10 Rond de jaarwisseling liet koning Nebukadnezar hem naar Babel komen. Tegelijkertijd werden de kostbaarste voorwerpen vanuit de tempel naar Babel meegenomen en koning Nebukadnezar benoemde Jojachins broer Zedekia tot nieuwe koning van Juda en Jeruzalem.
11 Zedekia was eenentwintig jaar bij zijn troonsbestijging en regeerde elf jaar vanuit Jeruzalem.
12 Ook zijn bewind kenmerkte zich in de ogen van de Eeuwige door goddeloosheid. De koning weigerde namelijk te luisteren naar de profeet Jeremia, die hem boodschappen van de Here doorgaf.
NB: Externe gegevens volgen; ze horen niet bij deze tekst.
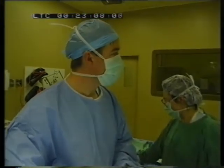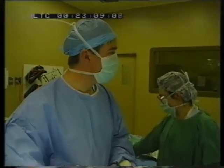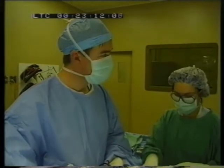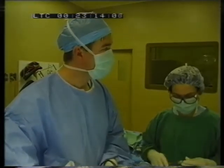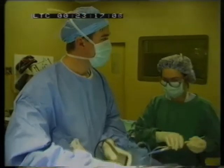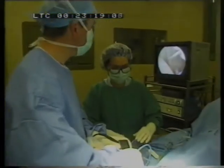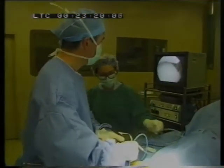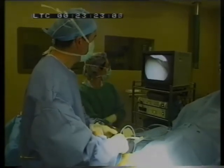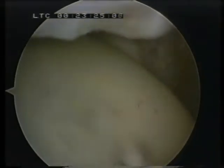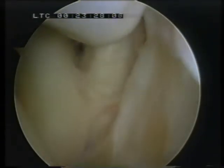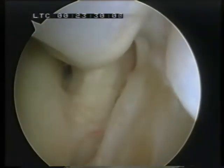Once we get inside the ankle joint, we first confirm that we have correct passage into the joint. This gentleman purely has synovitis, which has been occurring at the anterior aspect of the joint. We can look through this joint quite easily. I'll just point out some of the relevant structures there for you — the anterior inferior tibiofibular ligament.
13 Hij kwam bovendien in opstand tegen koning Nebukadnezar, ondanks het feit dat hij tegenover hem een eed van trouw had afgelegd. Zedekia was hard en koppig als het erom ging zich tot de Here, de God van Israël, te bekeren, dat weigerde hij absoluut.
14 Alle vooraanstaanden van het land, onder wie de hogepriesters, evenals het hele volk, vereerden de heidense afgoden van de omringende landen en ontheiligden de tempel van de Here in Jeruzalem.
15 Steeds weer stuurde de Here, de God van hun voorouders, profeten om hen te waarschuwen, want het lot van zijn volk en van zijn tempel liet Hem niet onberoerd.
16 Maar het volk bespotte deze boodschappers van God en sloeg hun waarschuwingen in de wind. Zij staken net zolang de draak met de profeten tot de Here zijn toorn niet langer kon inhouden en er geen hoop meer was op herstel.